Oh no, she could not offer a class my friend told me. Said she was too frightened and could not say why. I said she would be a better therapist if she did, which she resented because it pushed her closer to the edge. A person cowering in fear before a task which is in no way earth shattering but tells herself that it is, cannot help a patient who suffers from same. You can not get someone to go beyond you when the reason you don't go there is fear of your punitive "introjected" parent. You namby-pamby the patient to hold them back, help them take baby steps but not too far and not too fast. They are not to outdistance you which would show you up. You are to cower together.

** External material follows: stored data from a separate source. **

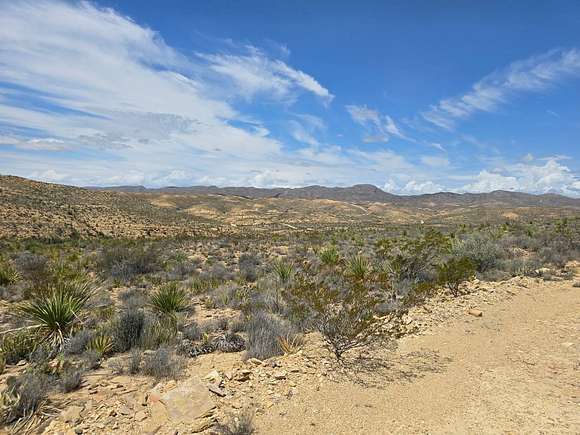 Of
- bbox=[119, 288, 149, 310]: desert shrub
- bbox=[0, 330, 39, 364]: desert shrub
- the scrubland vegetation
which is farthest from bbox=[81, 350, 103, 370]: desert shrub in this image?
bbox=[119, 288, 149, 310]: desert shrub

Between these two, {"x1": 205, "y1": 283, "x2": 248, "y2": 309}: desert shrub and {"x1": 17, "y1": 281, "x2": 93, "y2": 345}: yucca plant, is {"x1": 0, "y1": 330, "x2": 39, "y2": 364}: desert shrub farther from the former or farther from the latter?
{"x1": 205, "y1": 283, "x2": 248, "y2": 309}: desert shrub

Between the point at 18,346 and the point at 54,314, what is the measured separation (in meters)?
0.84

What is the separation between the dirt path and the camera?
4609 mm

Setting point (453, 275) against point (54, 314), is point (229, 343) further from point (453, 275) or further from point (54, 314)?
point (453, 275)

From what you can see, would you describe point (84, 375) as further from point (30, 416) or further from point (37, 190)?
point (37, 190)

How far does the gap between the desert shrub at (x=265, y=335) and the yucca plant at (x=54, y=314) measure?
3770 mm

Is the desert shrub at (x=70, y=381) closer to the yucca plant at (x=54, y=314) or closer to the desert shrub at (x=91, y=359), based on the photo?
the desert shrub at (x=91, y=359)

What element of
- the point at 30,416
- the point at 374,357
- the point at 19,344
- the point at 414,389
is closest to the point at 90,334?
the point at 19,344

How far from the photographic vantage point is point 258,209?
112125 millimetres

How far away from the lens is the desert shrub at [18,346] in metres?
6.75

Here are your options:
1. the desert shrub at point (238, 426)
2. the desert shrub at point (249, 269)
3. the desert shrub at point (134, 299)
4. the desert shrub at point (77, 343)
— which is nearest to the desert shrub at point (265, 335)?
the desert shrub at point (238, 426)

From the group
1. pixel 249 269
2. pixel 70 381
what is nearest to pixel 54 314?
pixel 70 381

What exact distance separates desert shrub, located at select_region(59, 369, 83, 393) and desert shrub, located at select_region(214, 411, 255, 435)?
256 centimetres

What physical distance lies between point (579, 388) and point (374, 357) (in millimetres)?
3030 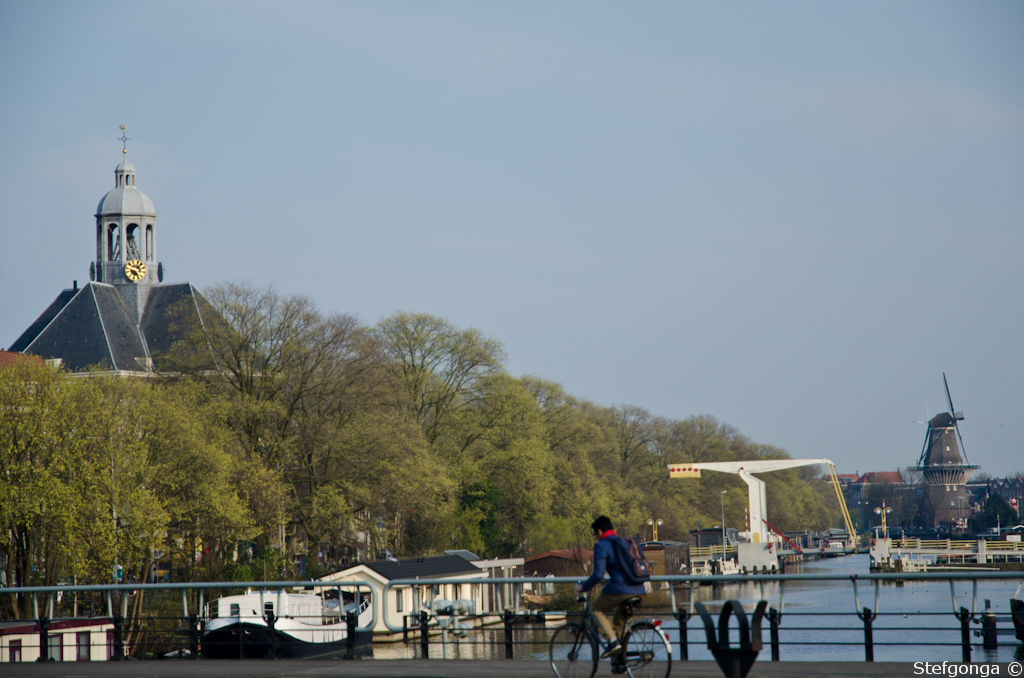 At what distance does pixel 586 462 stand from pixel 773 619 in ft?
180

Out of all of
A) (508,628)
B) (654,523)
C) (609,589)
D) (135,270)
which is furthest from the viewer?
(135,270)

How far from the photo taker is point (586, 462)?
68438mm

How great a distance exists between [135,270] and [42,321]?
7.50 meters

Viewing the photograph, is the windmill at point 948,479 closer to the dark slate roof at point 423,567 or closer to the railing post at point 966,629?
the dark slate roof at point 423,567

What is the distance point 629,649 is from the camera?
10836mm

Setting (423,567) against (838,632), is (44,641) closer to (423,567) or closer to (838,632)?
(838,632)

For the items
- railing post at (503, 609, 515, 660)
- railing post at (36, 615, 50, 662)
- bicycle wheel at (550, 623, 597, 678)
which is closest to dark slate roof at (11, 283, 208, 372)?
railing post at (36, 615, 50, 662)

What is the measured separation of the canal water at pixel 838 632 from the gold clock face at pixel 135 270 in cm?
4647

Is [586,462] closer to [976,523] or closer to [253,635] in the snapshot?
[253,635]

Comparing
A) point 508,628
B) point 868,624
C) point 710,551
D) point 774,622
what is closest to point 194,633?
point 508,628

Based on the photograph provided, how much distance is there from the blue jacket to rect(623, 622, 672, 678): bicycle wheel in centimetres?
34

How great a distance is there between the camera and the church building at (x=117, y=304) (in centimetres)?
7581

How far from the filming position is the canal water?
51.3 ft

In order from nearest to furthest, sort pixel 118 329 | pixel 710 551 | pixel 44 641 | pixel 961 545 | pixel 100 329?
pixel 44 641 → pixel 100 329 → pixel 118 329 → pixel 710 551 → pixel 961 545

There is knowing and knowing. Many therapists despite years of psychotherapy, probably with therapists who were afraid of their own "introjects" and were controlled by their own inner child's phobic responses, cannot understand it in self or other. Understanding requires feeling the agony and tyranny as well gaining distance in order to develop a perspective.
With the "introject" as with all things, we have to go through what we are afraid of to get to the other side. We have to go to the beginning, to the place of fear. We do not know what to do since our terrified child "introject" and/or terrifying adult "introject" is running the show. We stay and explore, take one step at a time. Some kind of path will emerge. Courage comes after doing the feared act. Along with it comes growing up.
I need to add that now I realize that her dismissal of the introject as something to deeply study was directed by her tyrannical "freezing parent" to her terrified "frozen child" and had nothing to do with me, we remain friends.